**Input data**
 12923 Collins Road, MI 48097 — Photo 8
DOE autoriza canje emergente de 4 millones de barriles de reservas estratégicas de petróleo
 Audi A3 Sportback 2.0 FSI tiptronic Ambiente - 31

==

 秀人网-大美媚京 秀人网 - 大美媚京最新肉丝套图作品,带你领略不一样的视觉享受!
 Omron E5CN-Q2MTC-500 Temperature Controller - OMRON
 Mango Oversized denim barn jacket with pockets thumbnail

**Assignment**
Set down, exactly as they appear above, all lines from the one that has "12923 Collins Road, MI 48097 — Photo 8" down to the one that has "Audi A3 Sportback", including those two and no others.

**Answer for the task**
 12923 Collins Road, MI 48097 — Photo 8
DOE autoriza canje emergente de 4 millones de barriles de reservas estratégicas de petróleo
 Audi A3 Sportback 2.0 FSI tiptronic Ambiente - 31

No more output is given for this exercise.